[Task to complete] Below is some data. Retype exactly the lines starting at the one with "Selfies sehen bei" and ending at the one with "Une simple invitation".

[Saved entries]
Segment Open

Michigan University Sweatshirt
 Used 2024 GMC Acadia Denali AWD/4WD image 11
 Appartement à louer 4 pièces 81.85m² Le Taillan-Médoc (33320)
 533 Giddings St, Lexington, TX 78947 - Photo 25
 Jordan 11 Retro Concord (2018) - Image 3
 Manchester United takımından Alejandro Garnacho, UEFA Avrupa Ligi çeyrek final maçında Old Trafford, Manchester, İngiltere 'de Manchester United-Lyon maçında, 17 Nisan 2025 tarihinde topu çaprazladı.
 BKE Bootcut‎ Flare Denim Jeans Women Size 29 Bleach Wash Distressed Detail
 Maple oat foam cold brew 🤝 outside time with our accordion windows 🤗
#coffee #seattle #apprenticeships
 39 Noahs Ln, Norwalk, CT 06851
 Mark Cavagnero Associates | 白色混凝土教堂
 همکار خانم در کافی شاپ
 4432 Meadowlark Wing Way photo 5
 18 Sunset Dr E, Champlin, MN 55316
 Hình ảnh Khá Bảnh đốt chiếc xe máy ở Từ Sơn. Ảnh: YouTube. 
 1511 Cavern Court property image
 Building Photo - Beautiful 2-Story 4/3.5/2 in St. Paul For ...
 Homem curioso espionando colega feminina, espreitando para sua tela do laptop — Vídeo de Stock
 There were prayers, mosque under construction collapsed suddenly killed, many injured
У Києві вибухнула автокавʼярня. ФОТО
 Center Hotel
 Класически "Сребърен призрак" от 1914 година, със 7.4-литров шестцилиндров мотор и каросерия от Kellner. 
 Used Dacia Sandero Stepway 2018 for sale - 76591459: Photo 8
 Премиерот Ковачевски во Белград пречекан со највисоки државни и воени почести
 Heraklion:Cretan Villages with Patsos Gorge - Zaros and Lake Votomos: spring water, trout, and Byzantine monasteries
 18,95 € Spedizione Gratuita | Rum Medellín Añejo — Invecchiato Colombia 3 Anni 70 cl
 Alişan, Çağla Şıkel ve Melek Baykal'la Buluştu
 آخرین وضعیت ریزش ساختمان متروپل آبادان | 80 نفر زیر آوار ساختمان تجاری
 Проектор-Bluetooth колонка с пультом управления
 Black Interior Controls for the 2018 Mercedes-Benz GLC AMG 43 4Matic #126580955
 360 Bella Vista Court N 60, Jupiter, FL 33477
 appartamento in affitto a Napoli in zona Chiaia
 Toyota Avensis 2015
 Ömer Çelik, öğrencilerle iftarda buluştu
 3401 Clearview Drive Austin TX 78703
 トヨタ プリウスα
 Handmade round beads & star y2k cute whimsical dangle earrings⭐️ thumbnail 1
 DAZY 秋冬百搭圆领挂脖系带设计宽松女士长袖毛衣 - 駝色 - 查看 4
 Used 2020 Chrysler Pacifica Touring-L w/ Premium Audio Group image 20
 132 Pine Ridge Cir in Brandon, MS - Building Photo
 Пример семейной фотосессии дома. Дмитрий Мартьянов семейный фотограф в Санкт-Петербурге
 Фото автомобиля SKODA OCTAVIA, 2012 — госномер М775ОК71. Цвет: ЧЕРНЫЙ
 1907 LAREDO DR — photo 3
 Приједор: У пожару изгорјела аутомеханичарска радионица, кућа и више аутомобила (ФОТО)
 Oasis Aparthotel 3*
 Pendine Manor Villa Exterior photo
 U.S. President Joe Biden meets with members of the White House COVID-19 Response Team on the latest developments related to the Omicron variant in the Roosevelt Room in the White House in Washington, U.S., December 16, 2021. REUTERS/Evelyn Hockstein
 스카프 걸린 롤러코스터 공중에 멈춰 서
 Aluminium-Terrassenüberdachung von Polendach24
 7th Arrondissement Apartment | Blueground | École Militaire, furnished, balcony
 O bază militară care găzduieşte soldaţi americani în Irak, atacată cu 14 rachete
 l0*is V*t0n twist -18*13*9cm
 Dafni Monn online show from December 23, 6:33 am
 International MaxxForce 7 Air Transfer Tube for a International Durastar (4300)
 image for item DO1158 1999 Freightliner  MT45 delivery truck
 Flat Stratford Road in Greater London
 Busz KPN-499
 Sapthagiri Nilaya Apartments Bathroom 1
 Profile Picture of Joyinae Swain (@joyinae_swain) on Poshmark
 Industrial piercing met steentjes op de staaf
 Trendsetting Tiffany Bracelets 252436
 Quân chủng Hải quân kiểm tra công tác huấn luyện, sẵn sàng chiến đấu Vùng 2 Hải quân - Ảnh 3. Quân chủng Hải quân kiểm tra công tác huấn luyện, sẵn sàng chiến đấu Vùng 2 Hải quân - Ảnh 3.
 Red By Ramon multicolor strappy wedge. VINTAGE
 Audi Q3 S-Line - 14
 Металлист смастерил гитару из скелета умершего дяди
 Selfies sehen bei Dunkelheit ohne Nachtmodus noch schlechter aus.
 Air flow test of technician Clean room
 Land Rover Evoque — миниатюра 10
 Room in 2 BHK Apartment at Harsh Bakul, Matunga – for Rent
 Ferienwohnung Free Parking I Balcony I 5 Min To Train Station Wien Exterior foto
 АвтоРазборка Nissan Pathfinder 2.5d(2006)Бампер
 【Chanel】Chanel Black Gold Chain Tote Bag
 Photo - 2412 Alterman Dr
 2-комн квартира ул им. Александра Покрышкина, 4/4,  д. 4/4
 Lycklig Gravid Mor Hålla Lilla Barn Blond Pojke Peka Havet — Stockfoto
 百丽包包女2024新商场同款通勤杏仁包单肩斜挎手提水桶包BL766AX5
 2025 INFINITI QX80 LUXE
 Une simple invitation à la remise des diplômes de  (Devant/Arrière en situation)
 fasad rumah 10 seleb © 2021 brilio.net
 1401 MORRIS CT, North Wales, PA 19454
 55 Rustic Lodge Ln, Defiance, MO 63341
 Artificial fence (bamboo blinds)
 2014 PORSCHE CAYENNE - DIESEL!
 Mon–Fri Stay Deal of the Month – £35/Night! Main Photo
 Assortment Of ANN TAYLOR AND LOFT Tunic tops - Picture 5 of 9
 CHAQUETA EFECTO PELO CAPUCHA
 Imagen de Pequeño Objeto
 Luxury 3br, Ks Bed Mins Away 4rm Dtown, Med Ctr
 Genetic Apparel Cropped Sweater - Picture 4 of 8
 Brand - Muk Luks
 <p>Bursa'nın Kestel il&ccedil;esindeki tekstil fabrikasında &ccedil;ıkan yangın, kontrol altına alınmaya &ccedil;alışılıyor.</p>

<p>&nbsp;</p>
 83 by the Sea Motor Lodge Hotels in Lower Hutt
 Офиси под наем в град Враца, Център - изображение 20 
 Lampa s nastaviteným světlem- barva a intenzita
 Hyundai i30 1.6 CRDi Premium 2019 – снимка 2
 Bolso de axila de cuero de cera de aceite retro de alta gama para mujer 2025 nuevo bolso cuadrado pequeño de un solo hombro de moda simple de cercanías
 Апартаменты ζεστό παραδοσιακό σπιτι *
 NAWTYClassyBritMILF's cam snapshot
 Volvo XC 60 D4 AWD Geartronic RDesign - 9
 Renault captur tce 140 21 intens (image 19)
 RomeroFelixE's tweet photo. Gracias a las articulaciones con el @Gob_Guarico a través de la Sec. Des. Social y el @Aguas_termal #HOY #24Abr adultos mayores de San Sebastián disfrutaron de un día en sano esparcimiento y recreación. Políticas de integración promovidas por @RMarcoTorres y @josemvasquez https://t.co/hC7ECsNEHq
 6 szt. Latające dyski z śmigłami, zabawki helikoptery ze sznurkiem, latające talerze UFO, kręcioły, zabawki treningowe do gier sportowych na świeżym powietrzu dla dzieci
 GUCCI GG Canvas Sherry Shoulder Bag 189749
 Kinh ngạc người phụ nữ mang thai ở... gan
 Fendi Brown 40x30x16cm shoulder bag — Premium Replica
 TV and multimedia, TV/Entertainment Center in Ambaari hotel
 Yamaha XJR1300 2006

Segment Closed

[Response]
 Selfies sehen bei Dunkelheit ohne Nachtmodus noch schlechter aus.
 Air flow test of technician Clean room
 Land Rover Evoque — миниатюра 10
 Room in 2 BHK Apartment at Harsh Bakul, Matunga – for Rent
 Ferienwohnung Free Parking I Balcony I 5 Min To Train Station Wien Exterior foto
 АвтоРазборка Nissan Pathfinder 2.5d(2006)Бампер
 【Chanel】Chanel Black Gold Chain Tote Bag
 Photo - 2412 Alterman Dr
 2-комн квартира ул им. Александра Покрышкина, 4/4,  д. 4/4
 Lycklig Gravid Mor Hålla Lilla Barn Blond Pojke Peka Havet — Stockfoto
 百丽包包女2024新商场同款通勤杏仁包单肩斜挎手提水桶包BL766AX5
 2025 INFINITI QX80 LUXE
 Une simple invitation à la remise des diplômes de  (Devant/Arrière en situation)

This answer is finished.